Native tribes would get sick from bad water all the time. It was a fact of life. But they also understood where to get water that was less likely to make you sick.
Fast moving streams and water are less likely to contain parasites and pollutants and native tribes understood that.
There was also a lot less pollutants in the water ways than there are today
Anyone who’s drank well water for a while also understands that it makes you sick at first, but you get used to it after a while. Your gut builds up a tolerance to what’s in the water and you are less likely to get sick.
A mixture of the obvious things you’re considering.
They would know, even if they didn’t understand the “why”, that certain bodies of water were safer to drink than others. A clear, cool, running stream would be safer than fetid stagnant water for example.
Many cultures did eventually figure out boiling the water or using it for fermentation would make it safer.

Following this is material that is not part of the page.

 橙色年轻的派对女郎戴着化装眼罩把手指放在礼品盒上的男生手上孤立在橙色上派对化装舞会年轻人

People also got sick, that was just a thing. Usually they got better, sometimes they died. But in general “being sorta sick” was just more normal back then, you just had larger proportions of the society on the DL at any given time in general.

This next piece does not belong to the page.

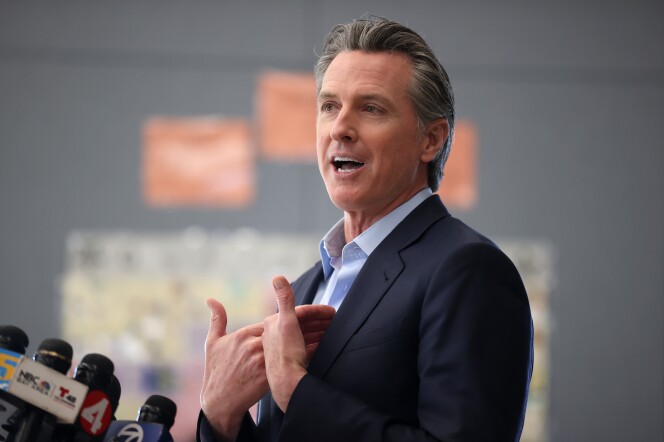 Governor Gavin Newsom is shown behind a podium with many news microphones. Newsom is wearing a navy suit with a light blue shirt.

Finally, there is some level of acquired immunity to certain illnesses and local people might just progressively get better at handling the local microbes.
We removed the forests and those forests were part of the natural filter system. Now we have crops everywhere that get tilled every year. This leads to agricultural runoff. These nutrients from the farms over-fertilize water bodies, basically making them cesspools for microbes. The Problem is, the biomass load is so high that the oxygen gets depleted. Dangerous microbes live in low oxygen conditions and these polluted waterways become a risk instead of a resource.
This pollution can be mitigated by 99% with one or both techniques names Keyline-Plowing, and or Permaculture-Swales. These landscaping techniques harvest water and stop erosion, turning the landscape into a natural filter again.